Острая, жгучая боль в виске. Не физическая, а… ментальная? Как будто кто-то вонзил раскаленную иглу прямо в мозг. Тюр дернулся, глаза сами собой широко распахнулись.
Она.
Лицо девушки было так близко, что он различал каждую ресницу на ее фарфоровой коже. Ее темные, бездонные глаза смотрели сквозь него, в самую глубину. Теплые ладони легли ему на виски, и от их прикосновения по телу разлился странный, парализующий жар. Он услышал шепот. Не словами, а потоком чужих, навязчивых ощущений: холод склепа, горечь разочарования, острую колющую боль старых ран, леденящий ужас перед рогами Диабло, гнетущую тяжесть гримуара… Его боль. Его кошмары.
– Что ты делаешь, тварь?! – хриплый вопль сорвался с его губ прежде, чем он успел подумать. Инстинкт выживания, отточенный в аду Бастиона и бесчисленных ловушках, сработал молниеносно. Его рука, сильная, несмотря на истощение, впилась в ее тонкую, хрупкую шею, прижимая к стене. – Говори!!! – Голос его дрожал не от страха, а от чистой, животной ярости и отвращения. Еще одно предательство? Еще одна Адрия, играющая в добро?
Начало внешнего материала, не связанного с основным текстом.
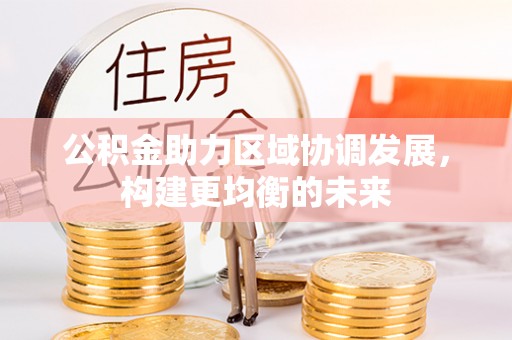 临朐公积金助力区域协调发展，构建更均衡的未来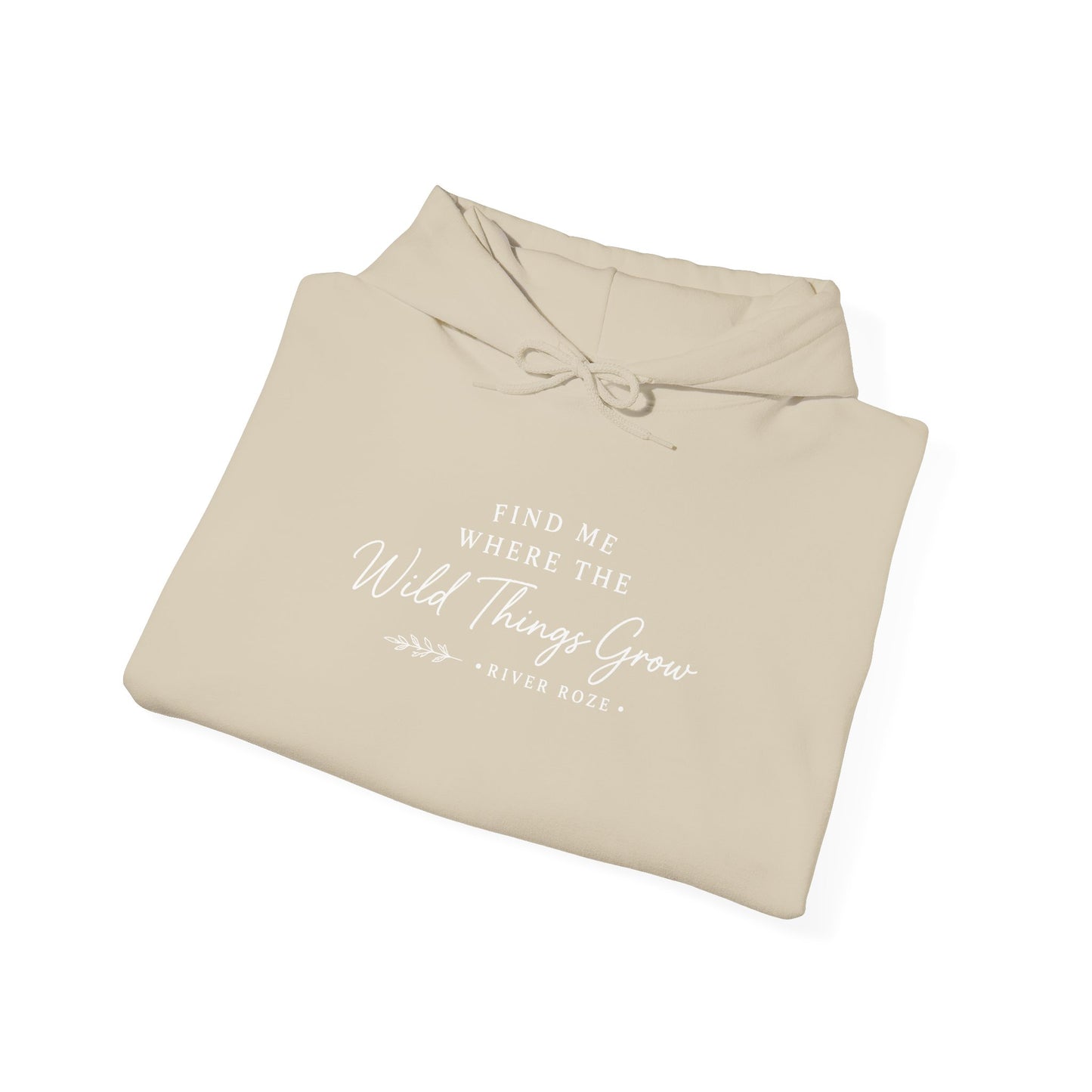 Find Me Where the Wild Things Grow Hoodie — Rustic Nature Quote Hooded Sweatshirt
Девушка не сопротивлялась. Не пыталась вырваться. Лишь глубокая тень страдания мелькнула в ее слишком спокойных глазах. Она задыхалась, губы посинели, но в ее хрипе не было мольбы или проклятия. Только… понимание? Скорбь?
– Не… бойся… – выдохнула она, с трудом выталкивая слова сквозь пережатое горло. – Я… друг… Казалось, она говорит не звуками, а тем же потоком ощущений, что и во время ритуала. – Я… почувствовала тебя… как только ты вошел… Ее взгляд был полон странной, нечеловеческой жалости. – Твоя душа… искалеченная… избитая… Я… словно испытала… всю твою боль… сквозь стены… сквозь землю…
Пальцы Тюра ослабли на долю секунды. Почувствовала? Испытала? Это было слишком странно, слишком… интимно. Как насильственное вторжение.
– Это… ритуал… – продолжала она, ловя воздух, когда давление ослабло. – Очищения… и восстановления… Твоего разума… и тела… Ее глаза, полные слез от боли, но не страха, смотрели прямо в его душу. – Ты сломан… внутри… и снаружи… Останься… здесь… на пару дней… Я подлатаю тебя… Дай мне шанс…
Тюр отшатнулся, как от прикосновения раскаленного железа. Он отпустил ее шею, оставив на нежной коже багровые отпечатки своих пальцев. Девушка согнулась, кашляя, но не плача. Она просто смотрела на него – не с обидой, а с тем же странным, неземным состраданием.